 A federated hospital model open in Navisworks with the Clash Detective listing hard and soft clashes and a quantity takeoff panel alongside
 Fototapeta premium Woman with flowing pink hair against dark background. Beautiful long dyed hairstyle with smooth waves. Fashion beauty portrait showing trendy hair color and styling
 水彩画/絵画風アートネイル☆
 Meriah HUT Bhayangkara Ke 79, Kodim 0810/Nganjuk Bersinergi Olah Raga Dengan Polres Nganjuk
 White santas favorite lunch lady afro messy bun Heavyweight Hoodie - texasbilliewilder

• _TASK DIRECTIONS_: Repeat word for word the lines above that run from the line containing "Fototapeta premium Woman" through the line containing "水彩画/絵画風アートネイル☆", both ends included, and nothing else.

• _OUTPUT BELOW_:
 Fototapeta premium Woman with flowing pink hair against dark background. Beautiful long dyed hairstyle with smooth waves. Fashion beauty portrait showing trendy hair color and styling
 水彩画/絵画風アートネイル☆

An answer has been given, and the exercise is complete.